The material below includes pictures; leave them out and return only the lines between the line containing "sp. strain." and the line containing "b) Paula thought", inclusive, word for word.

Records to use:
────────────────────────────────────────
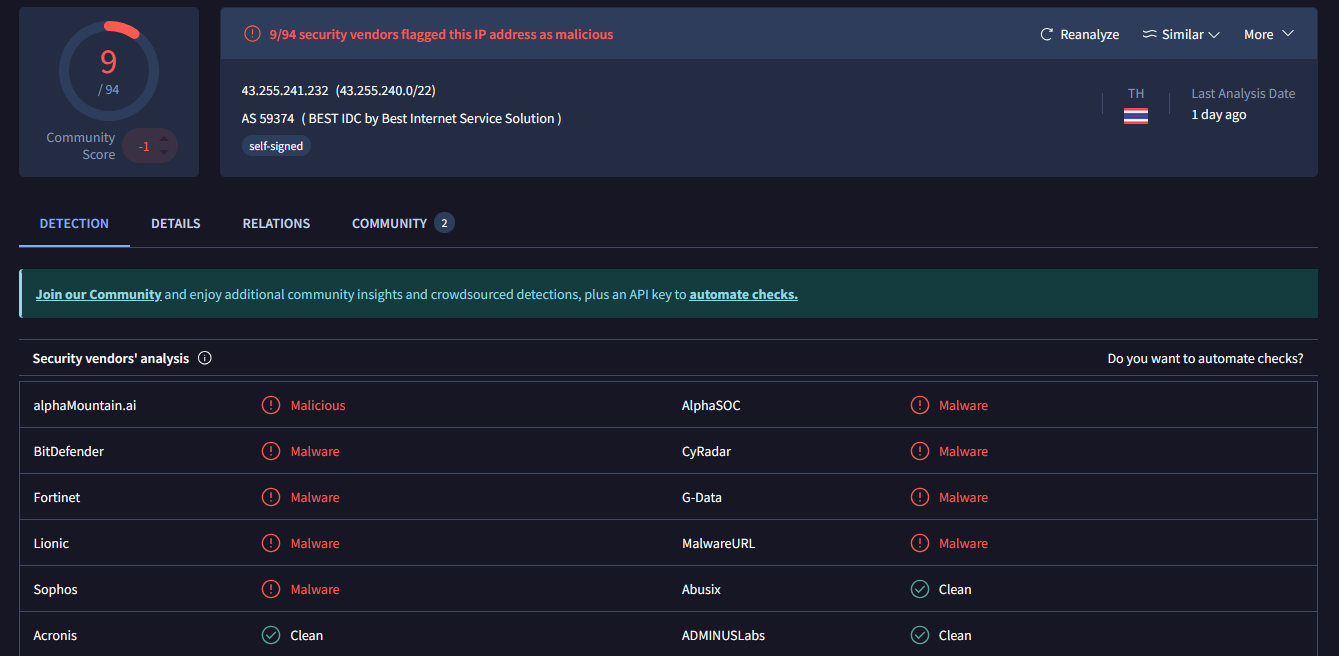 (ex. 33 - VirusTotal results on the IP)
────────────────────────────────────────
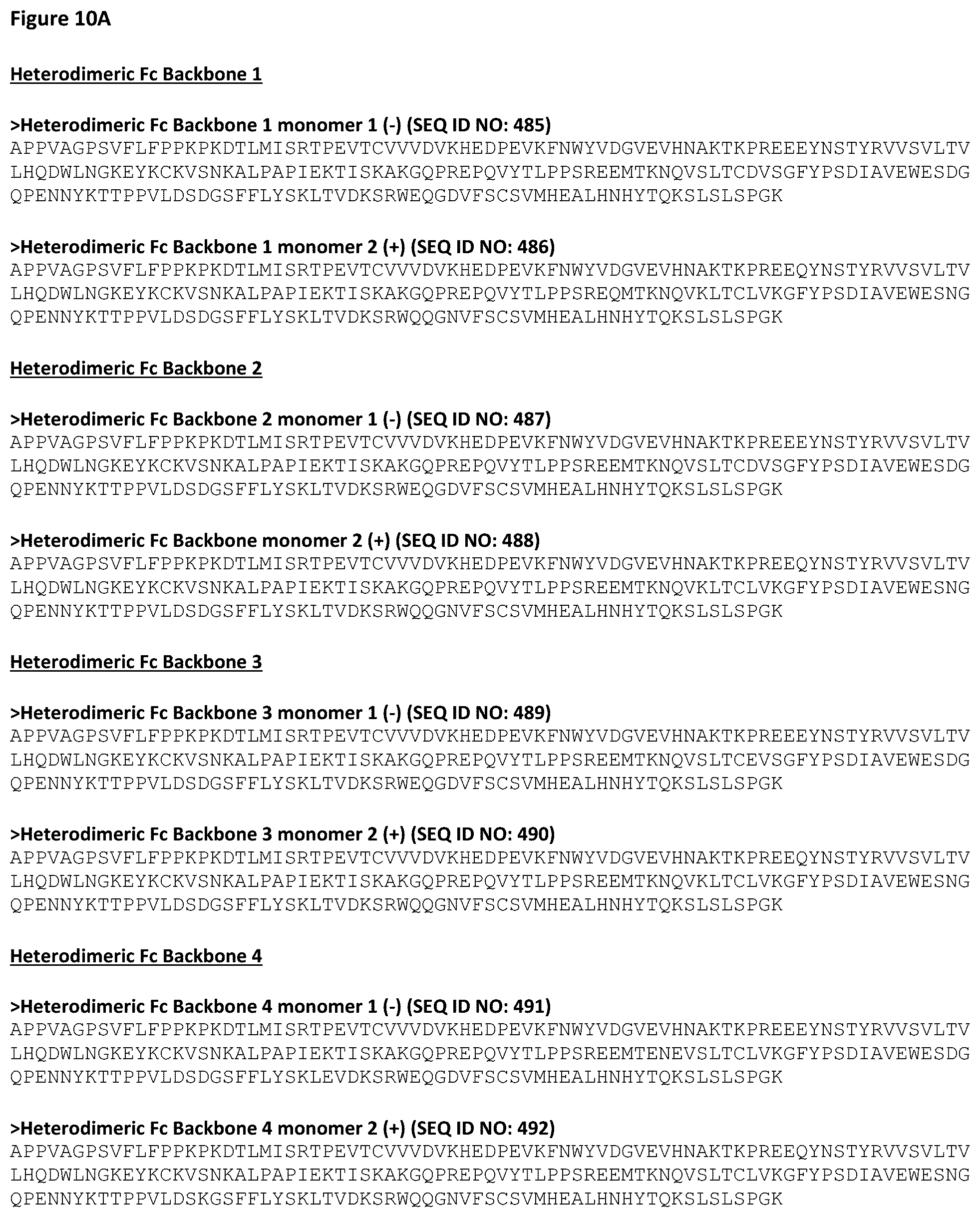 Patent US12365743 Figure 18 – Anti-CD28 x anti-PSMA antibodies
────────────────────────────────────────
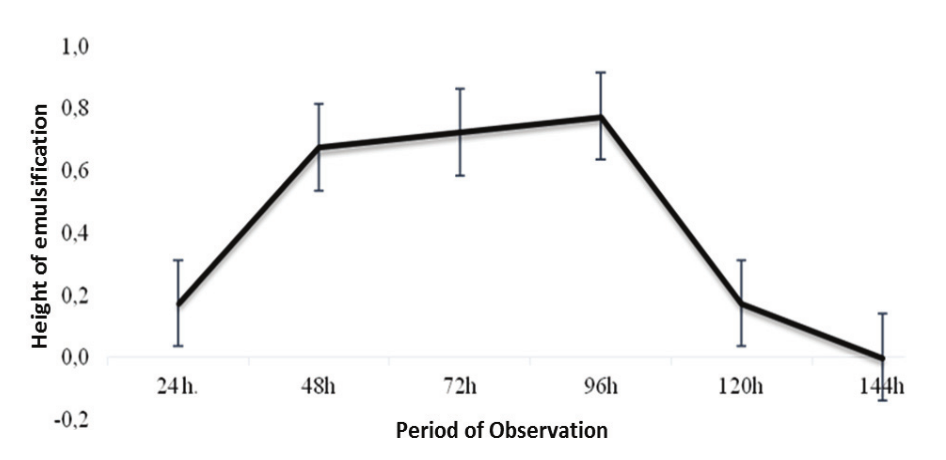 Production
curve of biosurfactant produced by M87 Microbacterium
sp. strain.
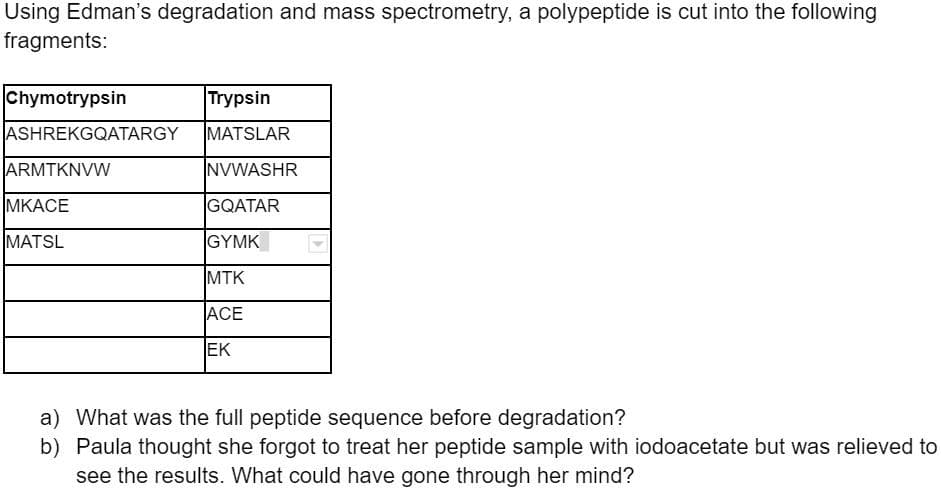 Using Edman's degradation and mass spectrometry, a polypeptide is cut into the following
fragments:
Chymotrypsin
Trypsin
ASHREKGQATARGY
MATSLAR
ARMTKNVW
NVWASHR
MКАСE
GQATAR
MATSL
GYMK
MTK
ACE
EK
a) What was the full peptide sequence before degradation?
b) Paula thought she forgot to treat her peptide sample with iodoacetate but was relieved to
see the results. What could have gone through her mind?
────────────────────────────────────────
Your response:
sp. strain.
 Using Edman's degradation and mass spectrometry, a polypeptide is cut into the following
fragments:
Chymotrypsin
Trypsin
ASHREKGQATARGY
MATSLAR
ARMTKNVW
NVWASHR
MКАСE
GQATAR
MATSL
GYMK
MTK
ACE
EK
a) What was the full peptide sequence before degradation?
b) Paula thought she forgot to treat her peptide sample with iodoacetate but was relieved to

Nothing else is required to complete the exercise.